As a Senior Site Reliability Engineer, you will be responsible for ensuring the reliability, scalability, and performance of mission-critical distributed systems that power autonomous maritime vessels. You will play a key role in defining and implementing SRE best practices, driving incident management and post-mortem culture, and enabling engineering teams to build resilient, observable, and maintainable systems. This role requires deep technical expertise, strong collaboration skills, and a proactive mindset to anticipate and mitigate systemic risks before they impact operations.
Responsibilities
- Architect and refine reliability frameworks for distributed and cloud-native systems.

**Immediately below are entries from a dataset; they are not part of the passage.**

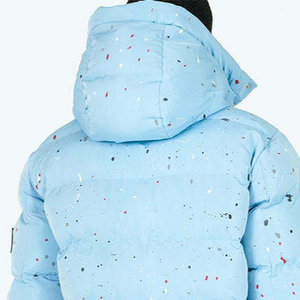 เสื้อแจ็คเก็ตพัฟเฟอร์ลายจุดสีฟ้าอ่อนสำหรับขายส่ง ปี 2026-27 แบบ unisex กันลม ใส่ได้ในฤดูหนาว สวมใส่สบาย ปิดด้วยซิป ผลิตจากโพลีเอสเตอร์เนื้อหนา ทรงปกติ - Product Image 4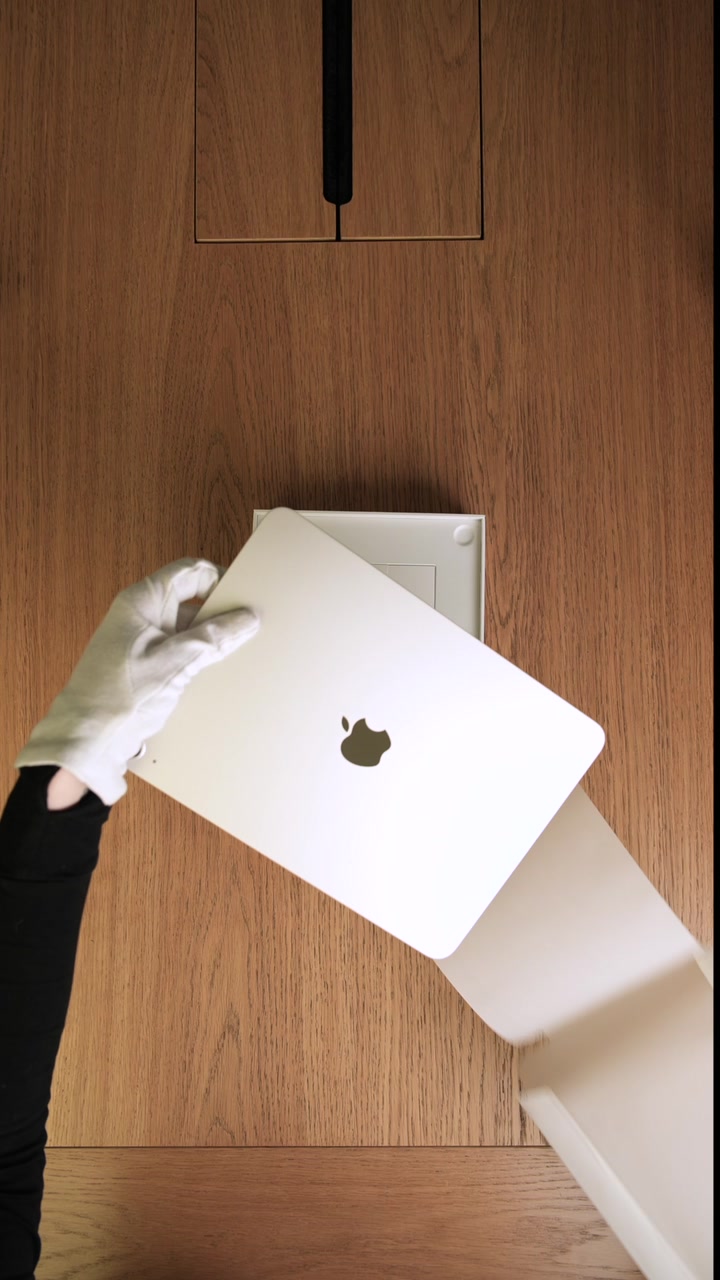 Apple iPad Air 7 (2025) 11 дюймов Wi-Fi Starlight (Сияющая звезда)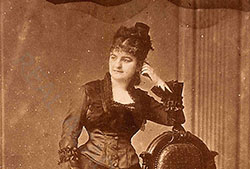 Retrato de Emilia Pardo Bazán, c. 1875-1885 (Fuente: Galiciana. Arquivo Dixital de Galicia).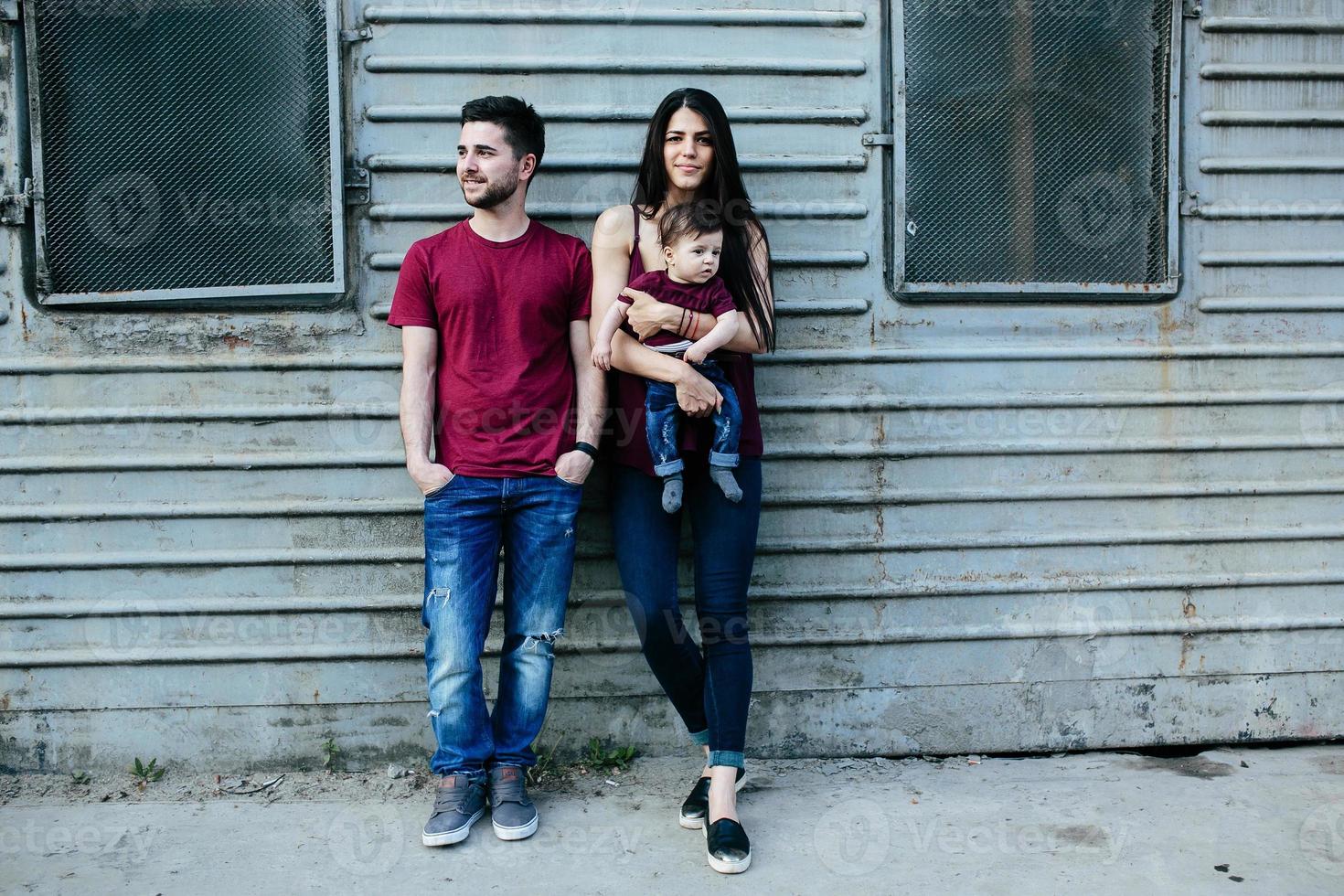 jeune famille avec un enfant photo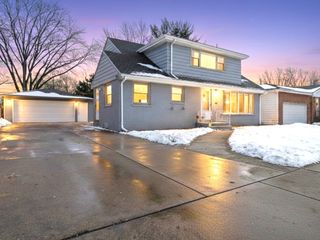 507 S Waterman Avenue, Arlington Heights, IL 60004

- Establish and operationalize SRE practices such as service level indicators, objectives, error budgets, and capacity forecasting.
- Collaborate with engineering teams to build systems with reliability, scalability, and maintainability at their core.
- Proactively identify and resolve systemic risks in infrastructure and services.
- Lead incident management, including on-call duties, escalation protocols, and post-mortem analysis.
- Conduct deep-dive root cause investigations and implement corrective actions to prevent recurrence.
- Enhance operational preparedness through automation, runbooks, and resilience testing.
- Reduce manual operational burden via tooling, automation, and process optimization.
- Develop and manage observability platforms covering metrics, logs, traces, and alerting.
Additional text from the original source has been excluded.